WASHINGTON — Senator Tim Scott has spent much of his career trying to avoid letting the color of his skin define his political identity, keeping a line at the ready to offer to new acquaintances: “I am a Christian who is a conservative,” he likes to say, “— and you may have noticed, I’m black.”

But when protests for racial justice erupted across the nation this month, thrusting Republicans onto the defensive as the public clamored for action to address systemic racism in policing, it was Mr. Scott who marched up to Senator Mitch McConnell, Republican of Kentucky and the majority leader, and asked to write his party’s legislative response. The two men agreed that there was no one better for the job.
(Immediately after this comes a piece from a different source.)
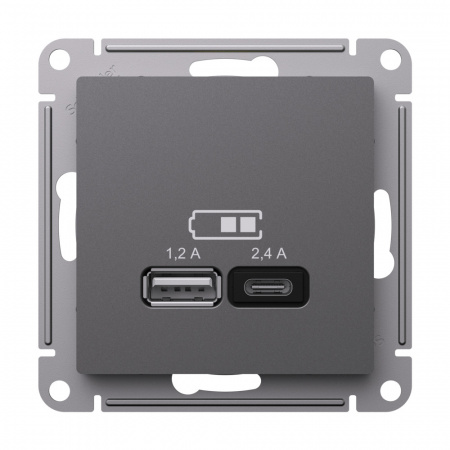 Systeme Electric AtlasDesign Базальт Розетка USB А+С, 5В/2,4 А, 2х5В/1,2 А, механизм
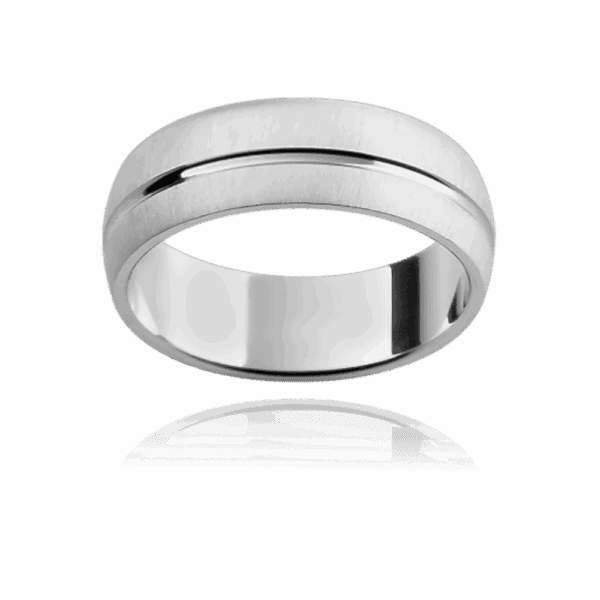 G64M 7mm two tone semi rounded band polished offset groove mens wedding band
The offer, which set in motion the hasty drafting of legislation that Mr. Scott plans to unveil on Wednesday, was the culmination of a subtle transformation for the South Carolina Republican over the past five years. Once determined to make his name on issues like tax cuts and entrepreneurship, rather than his historic status as the first black senator from the South since Reconstruction, Mr. Scott has bit by bit — sometimes reluctantly — become a leader in his party on matters of race.
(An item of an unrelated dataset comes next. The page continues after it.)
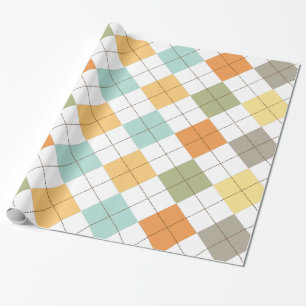 Retro Diamond Pattern Gift Wrap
Mr. Scott, who is frequently described as an eternal optimist guided by his faith, has an exceedingly difficult task. He is trying to balance calls from police unions who are resisting changes and civil rights groups that are clamoring for it, as well as conservative members of his own party and liberals like Senator Cory Booker, Democrat of New Jersey and the only other black man in the Senate. He has been quietly keeping Mr. Trump abreast of his work.
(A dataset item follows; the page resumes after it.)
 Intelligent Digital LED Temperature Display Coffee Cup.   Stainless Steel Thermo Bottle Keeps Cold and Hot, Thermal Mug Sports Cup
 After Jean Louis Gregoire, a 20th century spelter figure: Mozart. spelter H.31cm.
Mr. Scott has made clear the bill he plans to introduce Wednesday will look quite different from that of Democrats, which would make it easier to prosecute and hold police officers liable for excessive use of force, outlaw chokeholds, and condition federal grants on anti-bias training and data collection. He has signaled that the reforms in his bill will largely be targeted at the local level, and has explicitly ruled out a Democratic measure to change qualified immunity, which shields police officers from being held legally liable for damages sought by citizens whose constitutional rights are found to have been violated.

Raised by a single mother who worked 16-hour days as a nurse’s aide, Mr. Scott grew up sharing a bedroom with his mother and older brother. He did not see the ocean, which carried his ancestors to the United States as slaves in the early 1800s, until he was a young man.

Mr. Scott has said the trajectory of his life began to change in high school, when he met the owner of a local Chick-fil-A who pushed Mr. Scott, then a high school football star, toward business, laying the foundation for his later embrace of the Republican Party and Mr. Scott’s personal mission statement: to have an impact on the lives of one billion people.